# Exercise goal
Copying rule for the data below: pictures stay out, and only the lines from the one with "The shore of Lake Constance near" down to the one with "Đã định vị 𛂞", inclusive, are repeated exactly.

# Study material
+ + + + + + +

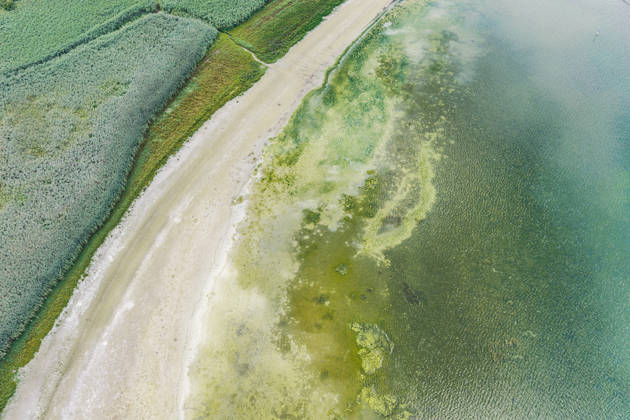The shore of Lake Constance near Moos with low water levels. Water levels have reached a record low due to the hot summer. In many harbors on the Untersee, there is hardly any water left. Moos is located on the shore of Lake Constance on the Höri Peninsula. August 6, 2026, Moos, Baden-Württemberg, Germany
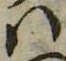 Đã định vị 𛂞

+ + + + + + +

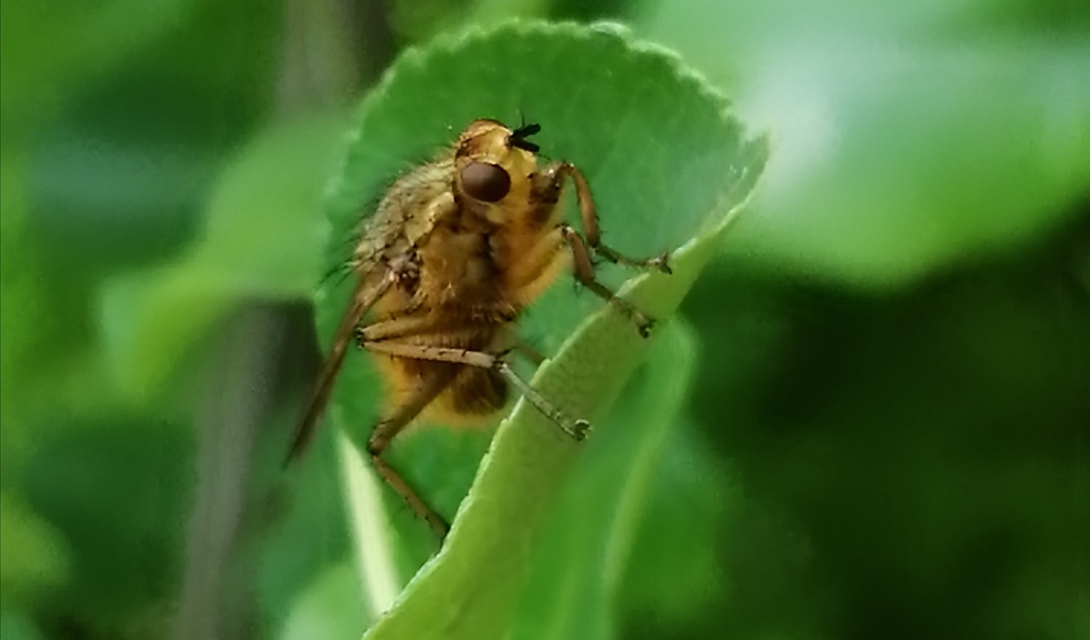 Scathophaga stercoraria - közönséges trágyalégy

+ + + + + + +

# Expected answer
The shore of Lake Constance near Moos with low water levels. Water levels have reached a record low due to the hot summer. In many harbors on the Untersee, there is hardly any water left. Moos is located on the shore of Lake Constance on the Höri Peninsula. August 6, 2026, Moos, Baden-Württemberg, Germany
 Đã định vị 𛂞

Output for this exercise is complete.